1. Core Model Checklist
All models are available via HuggingFace (LTX-2 HuggingFace Repository).
| Model Type | Filename (Recommended) | Path (Under ComfyUI folder) | Note |
| Unet (Main) | ltx-2-19b-distilled_Q4_K_M.gguf |
models/unet/ |
Q4 offers the best quality; Q2 is the fastest. |
| Text Encoder | gemma-3-12b-it-Q2_K.gguf |
models/clip/ |
CRITICAL! Use the Q2_K version (~4GB) or you will run out of VRAM. |
| Connector | ltx-2-19b-embeddings_connector_dev_bf16.safetensors |
models/clip/ |
Note: Most workflows use the dev version. |
| VAE | LTX2_video_vae_bf16.safetensors |
models/vae/ |
Video decoder affecting color and clarity. |
2. Folder Structure
Your directory structure should look like this:
ComfyUI/
└── models/
├── unet/
│ └── ltx-2-19b-distilled_Q4_K_M.gguf <-- Place main model here
├── clip/
│ ├── gemma-3-12b-it-Q2_K.gguf <-- Place LLM here
│ └── ltx-2-19b...connector...safetensors <-- Place connector here
└── vae/
└── LTX2_video_vae_bf16.safetensors <-- Place VAE here
🔌 Phase 3: Workflow Assembly
Standard LTX workflows downloaded from the web will likely throw errors. We need to perform a little “surgery” to swap the standard loader for the GGUF loader.
1. Remove Old Nodes
Find the red error-prone DualCLIPLoader node in the graph and press Delete.
2. Add New Nodes
- Double-click on the empty workspace and search for
DualCLIP. - Select
DualCLIPLoader (GGUF).
3. Configure Parameters (Crucial!)
Set up the new node as follows:
- clip_name1: Select
gemma-3-12b-it-Q2_K.gguf - clip_name2: Select
ltx-2...connector...safetensors - type: Must be set to
ltxvmanually- Warning: It might default to
sd3; if you don’t change this, your video will be full of static!
- Warning: It might default to
4. Connect Nodes
- Output: Drag a line from the yellow
CLIPport on theDualCLIPLoader (GGUF). - Input: Connect it to the
clipports of your Positive and Negative Prompts.

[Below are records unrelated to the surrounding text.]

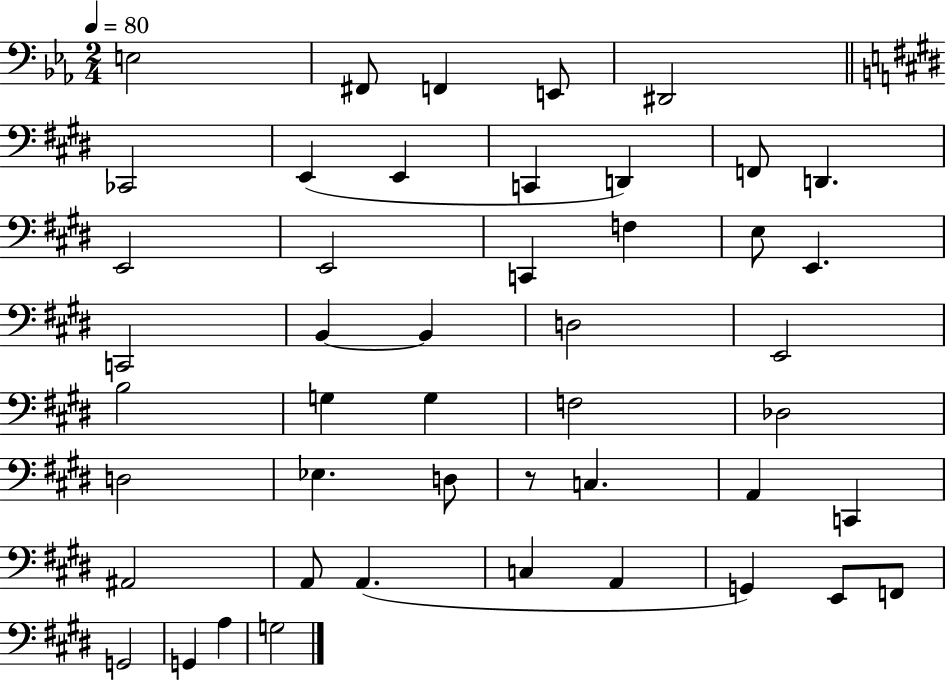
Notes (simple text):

E3/h F#2/e F2/q E2/e D#2/h CES2/h E2/q E2/q C2/q D2/q F2/e D2/q. E2/h E2/h C2/q F3/q E3/e E2/q. C2/h B2/q B2/q D3/h E2/h B3/h G3/q G3/q F3/h Db3/h D3/h Eb3/q. D3/e R/e C3/q. A2/q C2/q A#2/h A2/e A2/q. C3/q A2/q G2/q E2/e F2/e G2/h G2/q A3/q G3/h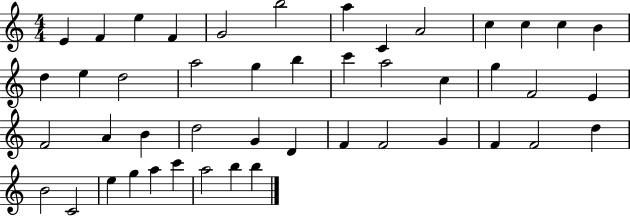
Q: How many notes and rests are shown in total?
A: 46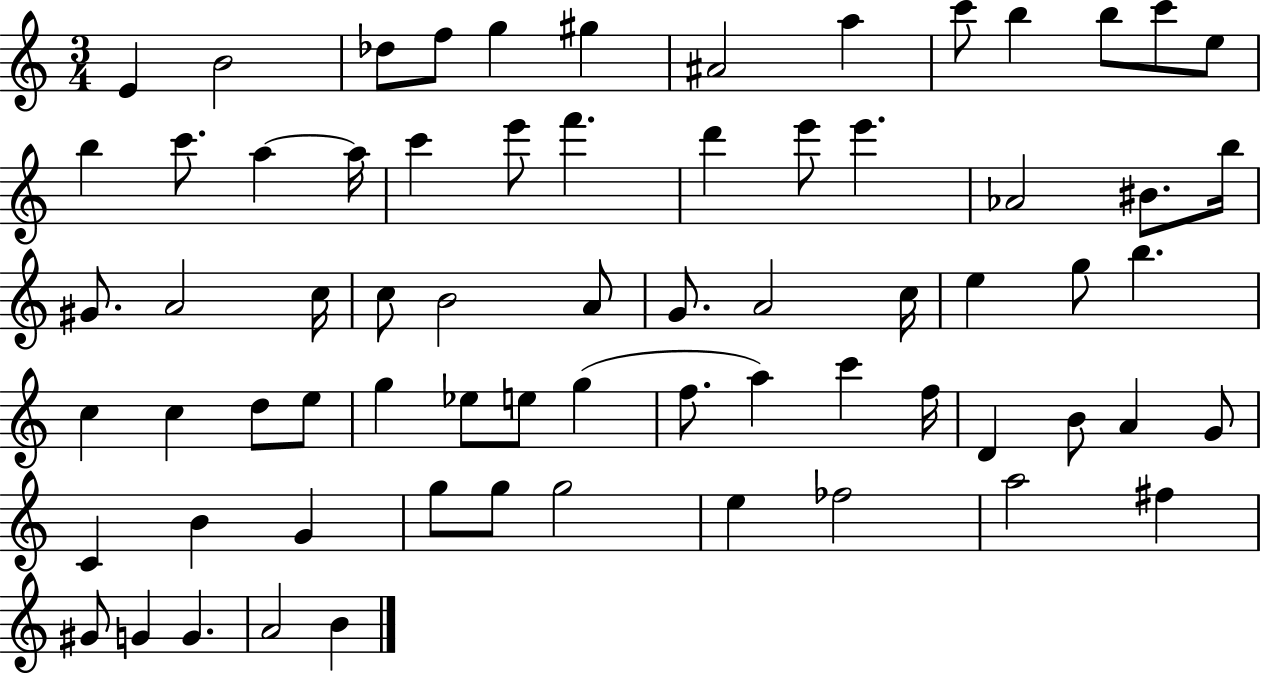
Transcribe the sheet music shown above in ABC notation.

X:1
T:Untitled
M:3/4
L:1/4
K:C
E B2 _d/2 f/2 g ^g ^A2 a c'/2 b b/2 c'/2 e/2 b c'/2 a a/4 c' e'/2 f' d' e'/2 e' _A2 ^B/2 b/4 ^G/2 A2 c/4 c/2 B2 A/2 G/2 A2 c/4 e g/2 b c c d/2 e/2 g _e/2 e/2 g f/2 a c' f/4 D B/2 A G/2 C B G g/2 g/2 g2 e _f2 a2 ^f ^G/2 G G A2 B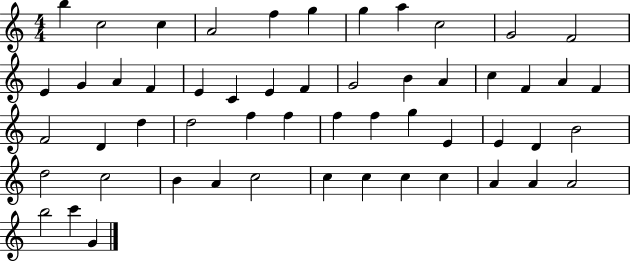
B5/q C5/h C5/q A4/h F5/q G5/q G5/q A5/q C5/h G4/h F4/h E4/q G4/q A4/q F4/q E4/q C4/q E4/q F4/q G4/h B4/q A4/q C5/q F4/q A4/q F4/q F4/h D4/q D5/q D5/h F5/q F5/q F5/q F5/q G5/q E4/q E4/q D4/q B4/h D5/h C5/h B4/q A4/q C5/h C5/q C5/q C5/q C5/q A4/q A4/q A4/h B5/h C6/q G4/q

🎬 Phase 4: Troubleshooting & Settings
1. Frame Settings (Length)
LTX models are sensitive to frame counts. Use the formula: (8 × N) + 1.
- Initial Test: 97 frames (~4 seconds).
- Advanced: 129 frames (~5 seconds).
- Hardware Limit: 193 frames (~8 seconds).
- Warning: Avoid setting values like 243; 16GB of VRAM will overflow, crashing your system.

2. Handling “Freezes” and Errors
- If the console says
loaded partially... offloaded to RAM: This is normal! It means your VRAM is full and the system is utilizing your RAM. - If you see
ConnectionResetErrorin the terminal: Don’t panic! If you seePrompt executedat the end, your video is finished. Check youroutputfolder.

❓ FAQ
Q1: Why is my DualCLIPLoader node red?
A: Usually an incorrect node type or file selection. Double-check that the node is specifically DualCLIPLoader (GGUF) and the type is set to ltxv.
Q2: How many frames can a 12GB card handle?
A: 97 frames is the sweet spot. 129 frames might work but will likely offload to your system RAM, slowing things down.
Q3: Why is generation extremely slow (5-10 minutes)?
A: If you see offloaded to RAM in the console, your VRAM is maxed out. Reducing frame counts or disabling upscaling will significantly improve speed.
Q4: How much RAM is needed?
A: 32GB+ is recommended. Even with GGUF, models occupy significant RAM during load/unload operations.
Conclusion
You’ve now deployed a low-VRAM friendly LTX Video workflow. While GGUF might be slightly slower than native FP16 execution, it opens the door to cinematic AI video generation for everyone. Happy prompting!